After messing for a while, this is a little preset, with the most accurate version could get so far with respect to TV, real NES RF connection. This preset should be placed in the same folder from nes_raw_palette sub-folder from PlainOldPants
This update fixes a glitch that was happening with me, where the noise would slowly disappear over time until suddenly reappearing, in a 1000-frame cycle. It also removes some vertical lines that were happening for me.
I’ve also experimented a tiny bit with comb filtering. That post from Guest about checkerboards getting distorted got me thinking about this. My 1989 CRT definitely does have distortion on checkerboard patterns, but, if memory serves, my 2000 CRT with a better comb filter doesn’t have much distortion in checkerboard patterns. I think my Dazzle DVC100 didn’t have much checkerboard distortion either, but I’ll just have to see.
It’s not actually any good yet, but if you want to try my basic comb filters: The demodulator filter types 5 on luma and 2 on chroma are a 50-50 average of two consecutive scanlines, and luma filter type 6 and chroma filter type 3 are a 25-50-25 average of three consecutive scanlines. I suggest increasing the B-Y R-Y filter width to 2 or 3 when using these.
ynnad4 just posted their RF preset above, but this update might break it.
This new update pushed up GPU to the limit of capacity. Once Noise is enabled, it stabilizes at around 51 fps. Even though I just have a GTX 1050 2GB mini
Edit:
Its nice now that the presets can work INSIDE of the new project updated folder. It’s just like CRT-guest presets. They can work in an independent customized sub-folder. Thank you for this fix.
And yeah, it can be in an independent folder now because I removed the #include reference to shaders_slang/include/colorspace-tools.h
I am still working on fixing the performance. Apparently, the noise isn’t the only thing at fault, but it’s a big part.

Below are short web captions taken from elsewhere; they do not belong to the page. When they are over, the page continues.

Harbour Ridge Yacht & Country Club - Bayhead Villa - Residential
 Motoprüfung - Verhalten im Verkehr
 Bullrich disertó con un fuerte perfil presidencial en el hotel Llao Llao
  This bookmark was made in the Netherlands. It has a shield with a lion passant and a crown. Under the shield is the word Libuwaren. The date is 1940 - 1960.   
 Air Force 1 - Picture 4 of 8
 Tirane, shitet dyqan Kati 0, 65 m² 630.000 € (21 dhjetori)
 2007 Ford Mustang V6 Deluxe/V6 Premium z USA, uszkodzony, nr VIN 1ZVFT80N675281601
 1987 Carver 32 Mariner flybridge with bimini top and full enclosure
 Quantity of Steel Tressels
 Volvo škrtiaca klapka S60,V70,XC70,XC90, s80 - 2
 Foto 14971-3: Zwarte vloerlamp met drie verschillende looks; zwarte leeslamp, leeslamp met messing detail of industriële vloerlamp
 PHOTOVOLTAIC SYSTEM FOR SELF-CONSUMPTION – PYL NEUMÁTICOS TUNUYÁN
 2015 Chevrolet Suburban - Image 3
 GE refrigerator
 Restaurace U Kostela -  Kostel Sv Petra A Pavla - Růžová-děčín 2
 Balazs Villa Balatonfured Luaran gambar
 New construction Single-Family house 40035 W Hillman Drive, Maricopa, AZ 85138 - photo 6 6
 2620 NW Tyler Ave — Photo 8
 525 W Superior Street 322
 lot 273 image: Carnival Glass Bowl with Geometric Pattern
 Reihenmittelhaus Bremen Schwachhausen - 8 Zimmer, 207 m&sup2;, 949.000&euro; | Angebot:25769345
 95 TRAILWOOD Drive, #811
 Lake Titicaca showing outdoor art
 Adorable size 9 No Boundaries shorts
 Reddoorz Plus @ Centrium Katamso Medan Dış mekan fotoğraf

Here’s another fix. I moved the noise into a separate pass this time. The key to making sure this performs well is to keep your screen resolution low. Increases in vertical resolution are mostly okay (for instance, interlaced mode on Genesis), but increases in horizontal resolution can cause bad slowdown. If you’re playing a console with a big horizontal resolution, like the N64 which can get as high as 640, you’ll want to go into the slangp file and change the resolution multiplier from 8.00000 to 4.00000 or something like that. https://www.mediafire.com/file/ejc2xdctliwbll2/patchy-second-performance-fix-2024-09-09.zip/file
In any case, I’m not asking for a cheap low end set of presets for low performance computers like mine.
I dont ask to cut off extra additional features in your presets if that’s what make them as accurate as possible to either your CRT or the real consoles.
This behavior didn’t happen 2 updates ago, though. I could still use about 50% of GPU in there.
I will keep attempting to check how the noise accuracy works with current update, in case GPU doesn’t go 100% usage.
That’s three updates ago. I was getting crappy performance too on my laptop’s GTX 1650 (which my laptop can’t even fully utilize; turned out it’s just an advertising point) until I did one more change today. Since I just edited it onto my previous post instead of making a new post, I’m sorry if you missed it.
My latest one should perform even better than the update that originally added noise, because noise is an entirely separate pass now.
Another thing contributing to the performance drop was that I’d doubled the horizontal resolution factor from 8 to 16. I did that to make my newly added comb filters work better. I’ve reverted it back to 8 now.
Have you gotten better results with the minimum amplitude lower or higher? My intuition has been that we get closer to real hardware if we have min amp at exactly 0 and min rate at something lower, like about 20. But even if we do that, my implementation isn’t based in real physics at all, so I don’t know.